Until the early 20th century, Jordan was part of Palestine, most of which is now the State of Israel. The area is home to one of the oldest civilisations in the world - archaelogical finds from the west bank of the Jordan River have been dated at around 9000 BC. From 3000 BC the area was inhabited by the Canaanites and Amorites, and after them the armies of Sargon, king of Sumer and Akkad. Around 1800 BC Abraham led a group of nomads from Mesopotamia and settled in the mountains of Canaan (which roughly corresponds to present-day Israel). By 1023 BC the Israelites had formed a kingdom, led by Saul and then David, who captured Jerusalem and made it his capital. The unstoppable Roman Empire took Israel in 63 BC and placed it under the control of a series of consuls, including Herod the Great and Pontius Pilate. It was at this time that Jesus was believed to have lived and preached in the area. The increasing insanity of the Empire under Caligula prompted a series of Jewish uprisings, which lasted for years but were finally crushed when Jerusalem was razed and the province of Palestine decreed. This defeat marked the end of the Jewish state and the beginning of the Diaspora, the scattering of the Jewish people.

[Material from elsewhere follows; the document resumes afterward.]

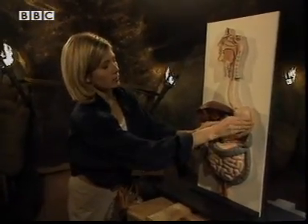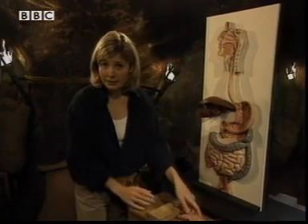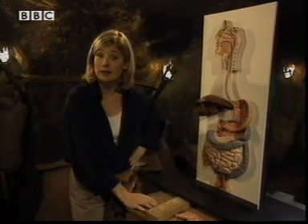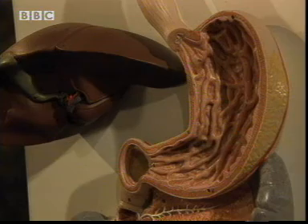This is a model of the stomach. Inside, there are lots of different chemicals, including, would you believe it, hydrochloric acid, which is a very strong acid with a pH of 2. And that acid is there to aid digestion.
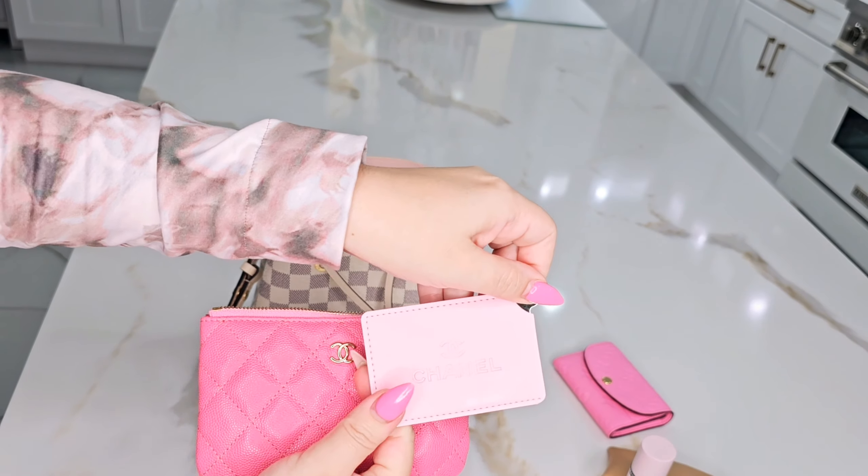Today's video is going to be what's in my bag, or how I pack my bag — the Damier Azur Braided Neo Noe BB Pink. Louis Vuitton makes a regular version of this, but this is the smaller version, the BB version. The larger version was always a little too big for me — looking at pictures it was just too big — so when this one came out, I knew I had to have it.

In 331 AD Emperor Constantine became a Christian and gave his official stamp of approval to the previously illegal religion. Suddenly everyone wanted to know about the Holy Land, and a rash of buildings, including the churches of the Holy Sepulchre and the Nativity, sprang up all over Palestine to mark sites of religious importance. But Christianity's hold over the country was not to last long - in 638 AD Jerusalem fell to Caliph Omar and was declared a Holy City of Islam, on the grounds that the Prophet Mohammed had ascended to heaven from atop the Temple Mount. Christians around the world raised their hackles at this desecration, and by 1099 they'd scrounged together a crusading army and occupied Jerusalem, murdering everyone they could get their hands on and beginning nearly 100 years of Christian rule. But by 1187 the Muslims again had the upper hand - after decades of Christian/Muslim scuffling, the Islamic Mamluks knocked over the last Crusader stronghold in 1291.
The next 500 years were some of the quietest Palestine has seen. Empires rose and fell, and control of the country changed hands with monotonous regularity, eventually coming to rest in the hands of the Ottoman Empire. Much of desert Jordan sidestepped all this change and remained a Bedouin stronghold.